Именно на этом фоне следует рассматривать радикализацию французской революции – исполнение пророчества Берка. С апреля 1793 года, когда власть сосредоточилась в руках Комитета общественного спасения, Париж превратился в сумасшедший дом. Сначала арестовали (и 31 октября казнили) жирондистов (отделение Якобинского клуба, конкурентами которого слева были монтаньяры). Следом (6 апреля 1794 года) на эшафот проследовали сторонники Жоржа Жака Дантона. Наконец, пришел черед Максимильена Робеспьера, первосвященника руссоистского культа республиканской добродетели и главной фигуры в Комитете общественного спасения. Он тоже угодил под нож гильотины. В этом danse macabre [танце смерти], сопровождаемом пением “Марсельезы”, до сих пор поражающей своей кровожадностью[379], самым опасным обвинением было обвинение в измене. Военные неудачи способствовали паранойе. Как и предвидел Берк, знакомый с классикой политической теории, демократию такого рода сменила олигархия, а олигархию – диктатура. За 10 лет Конвент сменила Директория (октябрь 1795 года), Директорию – первый консул (ноябрь 1799 года), а первого консула – император (декабрь 1804 года). То, что началось с Руссо, закончилось как ремейк падения Римской республики.
2 декабря 1805 года при Аустерлице[380] 73,2 тысячи французов разбили 85,7 тысячи русских и австрийцев. Сравним с Йорктаунской кампанией 1781 года: тогда 17,6 тысячи солдат Вашингтона победили 8,3 тысячи “красных мундиров” Корнуоллиса. Общее число потерь в первом сражении превысило число всех участников второго более чем на 12 тысяч. При Аустерлице более трети русских солдат погибли, были ранены или пленены. При этом вооружение при Аустерлице не слишком отличалось от вооружения армии Фридриха Великого при Лейтене (1757). Основной урон, как и при Аустерлице, причинила полевая артиллерия. Однако во времена Наполеона изменился масштаб войны. К 1812 году французская армия насчитывала 700 тысяч солдат. В 1800–1812 годах было мобилизовано около 1,3 миллиона французов. Около 2 миллионов человек погибло во время наполеоновских войн (примерно половина из них – французы: почти уродившихся в 1790–1795 годах). Революция пожирала своих детей.

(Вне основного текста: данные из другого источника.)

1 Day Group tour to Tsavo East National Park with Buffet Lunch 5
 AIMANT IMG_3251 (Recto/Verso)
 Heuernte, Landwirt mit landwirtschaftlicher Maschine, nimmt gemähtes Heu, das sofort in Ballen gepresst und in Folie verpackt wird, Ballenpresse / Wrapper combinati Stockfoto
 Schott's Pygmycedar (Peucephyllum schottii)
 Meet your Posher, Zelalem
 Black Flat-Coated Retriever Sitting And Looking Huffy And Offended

Чем американское гражданское общество отличалось от французского? Что позволило демократии уцелеть в Америке? Стало ли возвышение Наполеона вероятнее лишь потому, что французское государство было централизованным? Мы не можем сказать наверняка. Но уместно спросить, долго ли продержалась бы американская Конституция, если бы на долю США выпали те же военные и экономические испытания, которые уничтожили французскую Конституцию 1791 года?
Джаггернауты войны
Революция пожирала не только собственных детей. Многие из тех, кто боролся с ней, сами были детьми. Младшему капралу прусской армии фон Клаузевицу было всего 12 лет, когда он впервые сразился с французами. В 1806 году фон Клаузевиц уцелел под Йеной, где пруссаки потерпели сокрушительное поражение, в 1812 году отказался сражаться вместе с французами против русских, а в 1815 году дрался при Линьи. Именно он, воин-ученый, лучше, чем кто бы то ни было (лучше самого Наполеона!), понял, что Французская революция преобразила темное искусство войны. Изданный после смерти фон Клаузевица шедевр “О войне” (1832) остается самой важной работой на эту тему, написанной на Западе. Хотя эта книга во многом неподвластна времени, она служит незаменимым комментарием к наполеоновской эпохе, поскольку объясняет, почему изменился масштаб войны и ее характер.